No saqué esa A. Me la diste. Pero mi padre no necesitaba saberlo, ¿cierto?
—Felicitaciones. Un poco más de esfuerzo y conviertes eso en una A.
Y ahí estaba él, exigiendo, exigiendo, exigiendo como siempre.
—Sí, tal vez.
En ese momento, quería decir: "¡Bueno, adivina! ¡De hecho, saqué una mala nota! ¿Qué te parece ESO?”
Pero se dejó crecer el silencio, y él acabó cortando las patatas. Luego las arrojó en una sartén caliente con un poco de aceite y comenzó a agitarlas. Las patatas crepitaban en el calor.
—¿Sabes lo que deberíamos hacer? —Preguntó abruptamente.
—¿Qué?
Conteniendo las lágrimas causadas por picar la cebolla, la lancé en la sartén.
—Vamos al laberinto de maíz.
—¿Eh? ¿Qué?
¿Laberinto de maíz? ¿De qué demonios estaba hablando?

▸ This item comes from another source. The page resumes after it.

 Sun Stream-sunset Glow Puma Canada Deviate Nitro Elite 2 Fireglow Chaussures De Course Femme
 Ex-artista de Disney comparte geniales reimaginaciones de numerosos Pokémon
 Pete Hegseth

—El laberinto de maíz. ¿Recuerdas, el que está en Thomasson?
—Creo que no voy allá desde que tenía doce años.
—Sí, ¿pero no fue divertido?
Miré a mi padre y me di cuenta de que hablaba en serio. Sus ojos brillaban como los de un niño que acaba de ganar un cachorro de regalo de Navidad.
—Bueno, lo fue, pero yo tenía doce años.
—¿Oh, Jimin esta demasiado viejo para ser visto en un laberinto de maíz con su padre?
Me sonrió de una manera que también me hizo sonreír, aún sin intención. De una manera que me hizo decir:
—Muy bien, vamos.
Incluso antes de que mi cerebro se diera cuenta de que estaba entusiasmado con la idea.